И притом он не забывал наблюдать за коммодором и думал, что у маленького человечка часто бывал тот же самый взгляд, что у Саутвика в его боевом настроении. И он не забыл, что недавно задавался вопросом, мог ли бы он сам убить человека хладнокровно. С этим вопросом было покончено. Теперь он знал, что может хладнокровно убить шестьдесят человек — шестьдесят его собственных матросов, не врагов, и от понимания этого его чуть не стошнило.

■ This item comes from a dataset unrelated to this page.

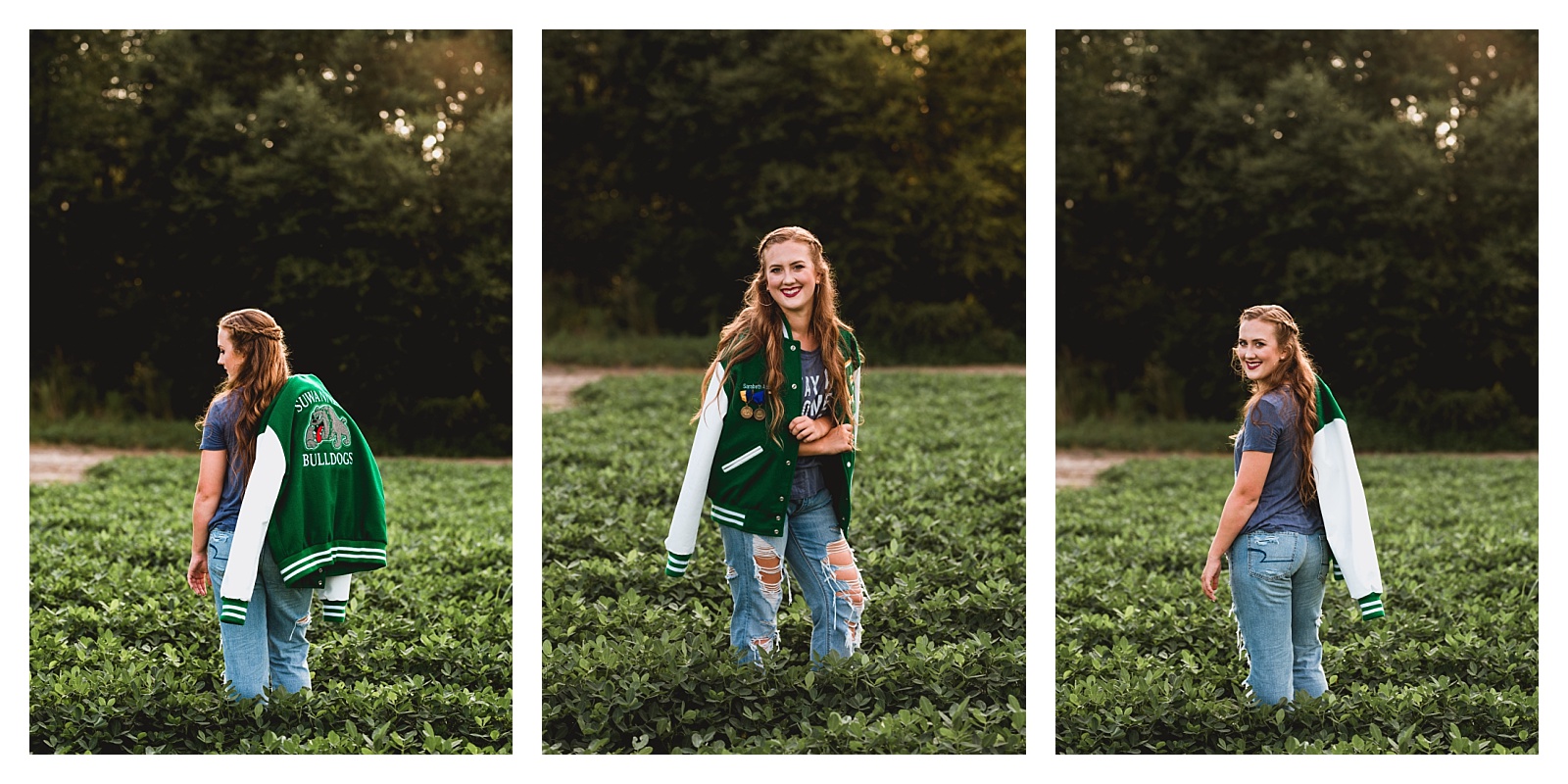 Farm senior pictures in Jasper, Florida. Shelly Williams Photography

Он смотрел на бухту каната: страх заставил его видеть его с такой ясностью, словно он никогда в жизни не видел канатов. Через каждый дюйм в нем проглядывала цветная прядь — «Прядь вора», вставленная, когда канат свивали на королевских верфях, так что если канат украдут, всегда можно опознать собственность Адмиралтейства. Есть ли в нем — а также в Саутвике, и в коммодоре Нельсоне, и, возможно, в половине офицеров и уоррент-офицеров во флоте — «Прядь вора», которую воткали в их души, чтобы отделить их от остальных, чтобы показать, что им позволено убивать своих собственных людей и врагов без тени раскаяния?
Однако по мере того, как он смотрел на испанские корабли и сознавал, что ему осталось жить меньше получаса, страх начал уходить так же незаметно, как пришел. Он начал понимать, что страх приходит только тогда, когда смерть — вопрос везения, возможность (или даже вероятность) вне человеческого знания или контроля. Но теперь, поскольку он знал наверняка, что будет убит в результате своего собственного преднамеренного решения — и таким образом не оставив места везению, — он принял неизбежность гибели и неожиданно обрел мир в душе и, что более важно, способность и выглядеть спокойным.

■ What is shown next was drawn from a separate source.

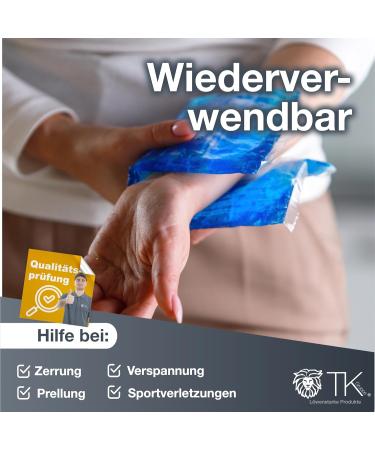 Buy 6x XXL Cooling Pads - Made in Germany | Gel Cooling Packs for Pain Relief & Fever - Ideal for Wisdom Teeth - Large Size for All Ages - Buy Online on GoSupps.com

Или это просто равнодушие? Возможно — их трудно различить.
Джексон спас его жизнь — и, несмотря на лояльность и храбрость, Джексон должен умереть.
Саутвику, который бодро повиновался каждому приказу юнца в три раза моложе его (и в десять раз менее опытного), сказали несколько минут назад, что он фактически приговорен к смерти — и он всего лишь выразил искреннее сожаление, что лейтенант Рэймидж не переживет день, потому что иначе он стал бы столь же великим адмиралом, как его отец.

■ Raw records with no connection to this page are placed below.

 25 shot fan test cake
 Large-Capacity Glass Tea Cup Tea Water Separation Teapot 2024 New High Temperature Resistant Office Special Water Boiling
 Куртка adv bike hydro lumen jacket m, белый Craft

Бедный отец — Джон Оглоу Рэймидж, десятый граф Блази, адмирал Белого флага — также был бы последним графом: его единственный сын был также его единственным наследником, таким образом, одно из самых старых графств в королевстве вымрет. Бедная мать! Он закрыл глаза на мгновение и представил Джанну, но открыл их почти сразу: если кто-либо мог бы заставить его передумать…
Был еще Стаффорд — слесарь кокни, который предпочел бы наблюдать, как падает нож гильотины, если уж ему суждено оказаться в объятиях «Вдовы», вместо того, чтобы закрыть глаза. Бридвелл-Лейн не увидит его снова.
И все остальные, кто был с ним в Картахене — рыбак Фуллер, молодой генуэзец Росси, веселый цветной моряк Макстон и Свен Йенсен…
И сама «Кэтлин» — она ведь как живая, у нее есть собственные желания, свои особые небольшие капризы, которые ее капитан должен был понять и которым должен был потворствовать; она отвечала всей своей деревянной душой, когда ей управляли должным образом, но становилась мертвой деревяшкой, когда человек ошибался с точной установкой парусов или был слишком груб на руле. Дрова — он отправит ее на дрова, превратит в плавающие обломки, которые будут разбросаны по прихоти ветра и течения через месяц, а то и через год по португальскому, испанскому и африканскому побережьям. Люди, говорящие на разных языках, соберут ее деревянные останки и отнесут их домой, чтобы бросить в огонь или использовать для ремонта дома, и никогда не узнают, откуда они взялись.
Он не сводил глаз с нескольких квадратных дюймов настила палубы под ногами: он видел все горные хребты из песчинок, возвышающиеся над крошечными долинами, где более мягкое дерево было выскоблено за эти годы бесчисленными моряками. Он видел песчинки, сучки, самую структуру древесины с вновь обретенной четкостью, как если бы всю свою жизнь, не догадываясь об этом, он смотрел сквозь мутное стекло, которое неожиданно протерли. Он видел сморщившуюся поверхность мягких черных кожаных туфель, отмеченную белыми линиями, где соль высохла в складках. Он чувствовал нисходящий поток от грота и поглядел на него, чтобы понять, что он прежде действительно никогда не видел устройства паруса. Ни, когда он посмотрел за борт, этих похожих на мягкие пирамиды волн. Ни смертоносной группы пяти или шести вражеских линейных кораблей, один из которых был самым большим в мире — самой большой вещью, какую руки человека когда-либо создавали, чтобы плавать по морям и убивать.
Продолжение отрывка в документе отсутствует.